In December 2005 and 2006 Katherine travelled to Iraq to entertain the soldiers for Christmas. When travelling to Shaibah, the largest British base in Southern Iraq, in 2005 the helicopter she was travelling in was targeted by missiles. Anti-missile flares were deployed and fortunately the group landed safely.

“I think the world of the troops,” she says, “they do an incredible job. They’re away from their families for long periods of time and it’s important that we say thank you for that. When somebody from home goes out there, they know they are being thanked and are being thought of. I wish I could get out there more often but it’s very difficult to get out there especially to places like Afghanistan.”

As a child Katherine’s house was full of music, her dad loved the tones of Matt Monroe and Perry Como, “My mum would play Celine Dion, Tina Turner and Shirley Bassey; all of them have good, powerful voices, I think that’s where I get my love of female voices from.”

For Katherine the transition from Bassey to Bach began with singing in her local church choir and it was her singing teacher who suggested she had the voice for classical music. “I didn’t know anything about classical music at that point but I gave it go and I fell in love with it.

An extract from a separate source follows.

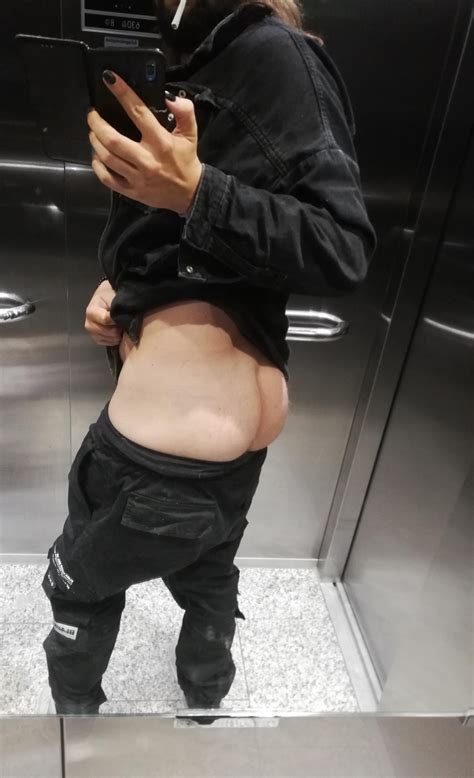 Flashing My Ass In The Elevator What Would You Do If You Caught Me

And that’s why for me it’s important to keep saying to people you don’t have to have been brought up with it, I wasn’t, I just fell in love with it. I never wanted to be a pop singer!” She smiles.

In the UK, she has also reached a whole new audience, including many younger fans, thanks to her appearances as a mentor in two series of ITV’s Popstar To Operastar.

“I think the opera world needed an image ‘shake-up’. That’s why I was really pleased to be a part of that movement. When I used to talk to people of my age group many of them perceived opera as being for old or posh people. It used to really irritate me because I’m from such a normal background and I could see that people were being put off by the music because of what they thought it was all about.

“Over the years there has definitely been a change of image for the better and that’s when the music then speaks for itself. It just goes to prove that the music is good. A good singer will be able to get the feeling of it across regardless of what the language is.”

When I tell her that my daughter Ruby is an aspiring actress and singer but is disappointed at being given the role of a butterfly as opposed to the lead in her local theatre group Katherine is keen to offer her some valuable advice “Tell her that I remember one Christmas concert I was off school sick and the next day I came in and they’d taken the solo off me. I had to go through that, I was devastated.

“It’s really important to be involved in music throughout childhood. Join choirs, get involved with amateur operatic societies, enter competitions and school shows it’s all really good experience. You don’t have to win everything; I didn’t win everything I entered, it’s just about getting the experience. You don’t get anywhere without hard work and so if you put in the hard work and get yourself to be a good standard of musicianship then you’ll be as ready as you can be for if and when that lucky break happens.”

And with that it was ‘time to say goodbye’, no doubt ‘we’ll meet again.’